La veille déjà, c’est un autre ancien premier ministre, Gabriel Attal, qui a poursuivi plus franchement sa prise de distance avec Emmanuel Macron. «Comme beaucoup de Français, je ne comprends plus les décisions du président de la République», a lâché le patron du parti présidentiel aux «20 heures» de TF1, quelques heures après la démission surprise de Sébastien Lecornu. Jusqu’à accuser le président, qui l’a fait émerger politiquement, de manifester «une forme d’acharnement à vouloir garder la main».

Quand un premier ministre acte la fin de sa «mission» à Matignon, avant d’y être renommé le surlendemain

Ce soir-là, Sébastien Lecornu rend les conclusions des dernières quarante-huit heures qu’il a passées, sur demande de l’Élysée, à mener d’ultimes négociations avec les forces politiques. L’opération de la dernière chance doit être le point final de son aventure à Matignon, après sa démission surprise deux jours plus tôt. «Je ne cours pas après le job», prévient-il, le 8 octobre, au JT de «20 heures» de France 2.

«Je considère que ma mission est terminée», poursuit-il, affirmant avoir «tout essayé» pour sortir de l’impasse. Le Normand renvoie même les décisions délicates - comme celle sur les retraites - à son successeur qui sera nommé, assure-t-il, d’ici deux jours. «L’équipe qui devra prendre les responsabilités, quelle qu’elle soit, devra être complètement déconnectée des ambitions présidentielles pour 2027», lâche-t-il comme un conseil.

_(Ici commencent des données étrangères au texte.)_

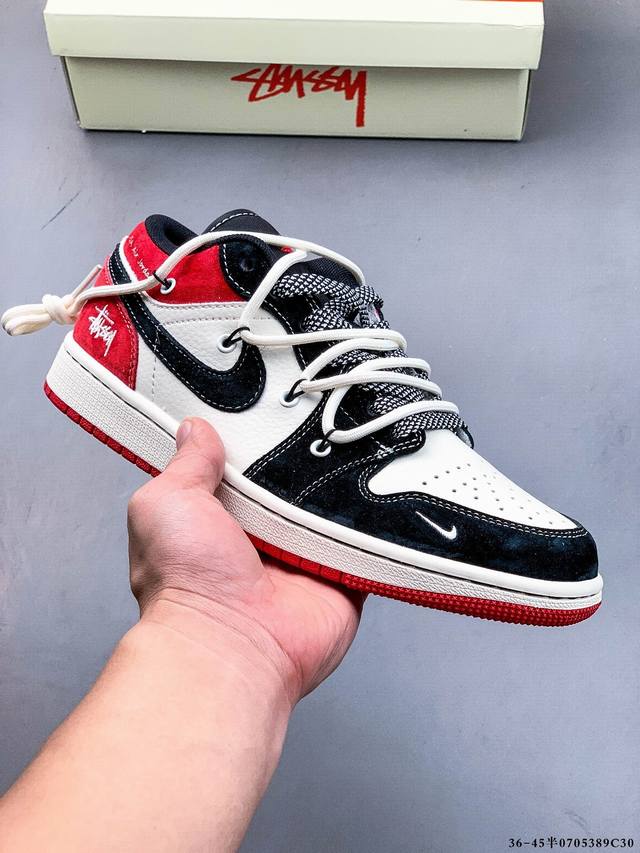 Company-level first layer! Nike Air Jordan 1 Low Aj1 Joe 1 low-top trendy slow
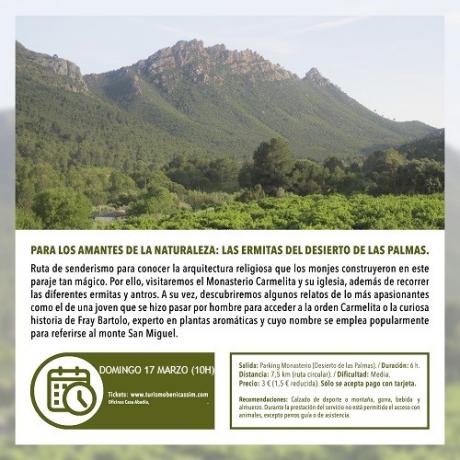 Visita guiada: Las ermitas del Desierto de las Palmas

Désormais seul face à la crise, Emmanuel Macron convie, le 10 octobre, les patrons de partis - hors LFI et RN - à l’Élysée pour prolonger les tractations entamées par son fidèle. La gauche espère encore, sans trop y croire, voir l’un des siens accéder à Matignon. Au terme d’une journée dantesque, le chef de l’État finit par officialiser, tard dans la soirée, la reconduction de Sébastien Lecornu. Une nouvelle mission acceptée «par devoir», assure au même moment le premier ministre sur X.